Der Bus der Linie 150 durch das Salzkammergut wird von Gästen gerne für einen Tagesausflug nach Hallstatt genutzt.
Stefanie Ruep

Ab drei Nächten sind alle öffentlichen Verkehrsmittel am Urlaubsort gratis: Diese Gästekarten sind bereits in vielen Ferienregionen in Österreich erhältlich. Doch Salzburg geht nun einen Schritt weiter und führt als erste Region in Europa eine Mobilitätsabgabe ein. Die Gebühr wird parallel zur Ortstaxe pro Nächtigung bezahlt und fließt in den Ausbau des öffentlichen Verkehrs. Im Gegenzug fahren alle Urlauberinnen und Touristen, die in einer Unterkunft im Salzburger Land übernachten, künftig gratis mit Bus und Bahn.

Die Abgabe wird ab 1. Juli 2025 eingehoben und beträgt zunächst 50 Cent pro Nacht. Sie wird aber schrittweise angehoben. Ab Juli 2027 wird der Beitrag 1,10 Euro ausmachen. Es ist als Umlagesystem konzipiert. Jeder Gast muss die Abgabe bezahlen, egal ob er die Öffis nutzt oder nicht. Mit dem Mobilitätsbeitrag sollen zweckgewidmet Takte verdichtet, Kapazitäten ausgeweitet und neue Linien eingeführt werden. "Wir werden uns in allen Regionen ansehen, wo genau Angebotsausbau und Taktverdichtung am sinnvollsten umgesetzt werden können", erklärt Johannes Gfrerer, Geschäftsführer des Salzburger Verkehrsverbunds.

Mit dem Doppeldecker nach Hallstatt

Im Fokus sei dabei auch der touristische Verkehr, heißt es aus dem Büro von Verkehrslandesrat Stefan Schnöll (ÖVP). Der Bus 150, der von Salzburg über den Fuschl- und Wolfgangsee bis nach Bad Ischl fährt, ist ein gutes Beispiel. Die Linie ist oft überfüllt, weil viele Touristinnen und Touristen den Bus für einen Ausflug nach Hallstatt oder in die Kaiserstadt nutzen. "Wenn es Kapazitätsengpässe gibt, werden wir Verstärker brauchen – wir überlegen da auch einen Doppeldeckerbus", sagt ein Sprecher von Schnöll.
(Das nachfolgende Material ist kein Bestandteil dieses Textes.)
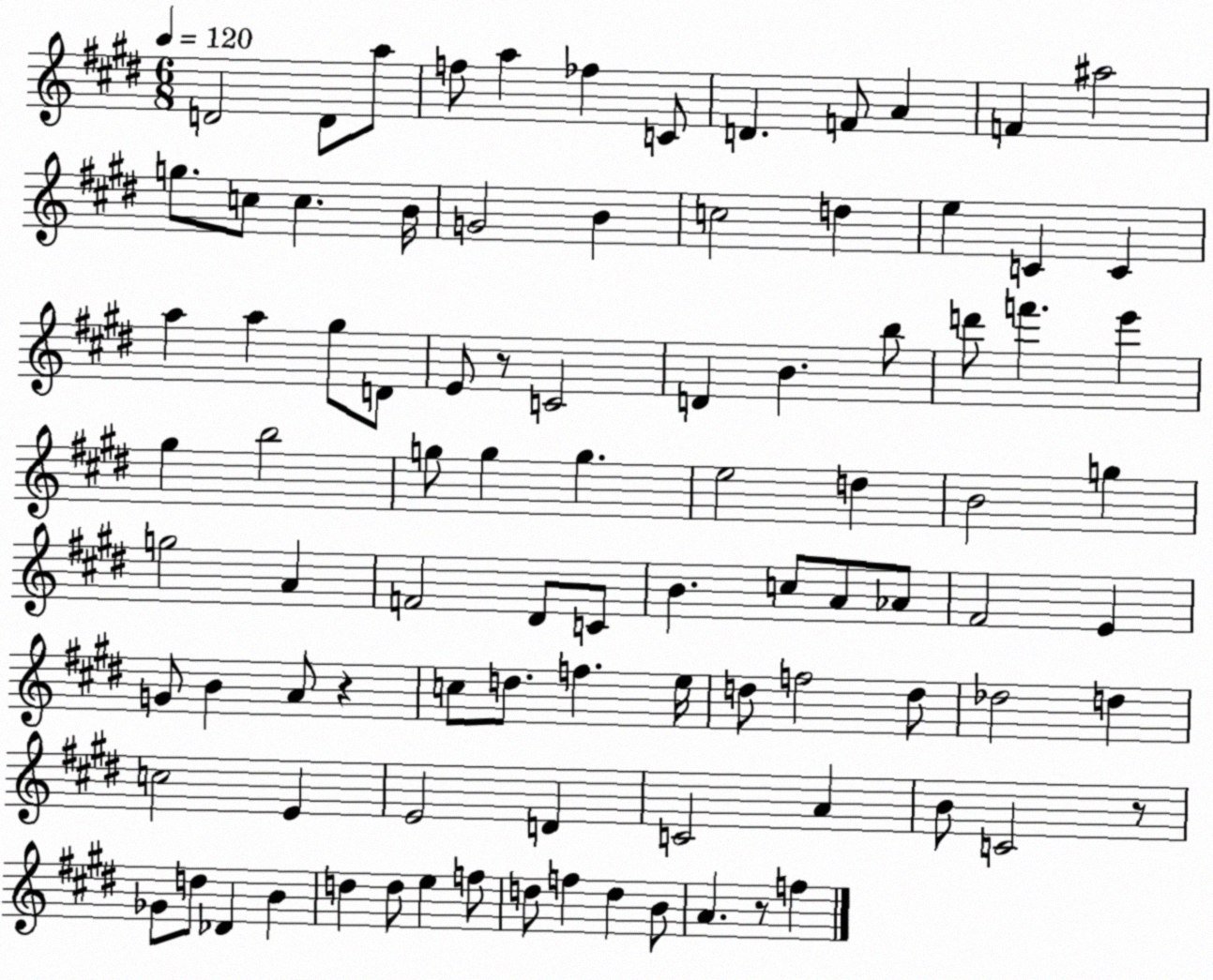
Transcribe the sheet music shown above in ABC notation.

Zusätzliche Fahrten sollen aus der Mobilitätsabgabe bezahlt werden. Freilich fallen hier gleichzeitig die Einnahmen durch die bisherigen Ticketverkäufe weg. Doch rechnen dürfte sich die Abgabe trotzdem: Das Land Salzburg verzeichnete im Vorjahr rund 30 Millionen Nächtigungen. Etwa 70 Prozent dieser Nächtigungen seien abgabepflichtig. Das Land rechnet im Endausbau mit 23 Millionen Euro, die mit der Abgabe zusätzlich in den öffentlichen Verkehr fließen. Zum Vergleich: Derzeit bezahlt das Land jährlich rund 70 Millionen Euro für den Linienverkehr und stützt zudem mit 13 Millionen Euro die Klimatickets. In Salzburg kostet dieses 365 Euro für das gesamte Bundesland; für alle über 65 und alle unter 26 Jahre kostet das Jahresticket sogar nur 274 Euro.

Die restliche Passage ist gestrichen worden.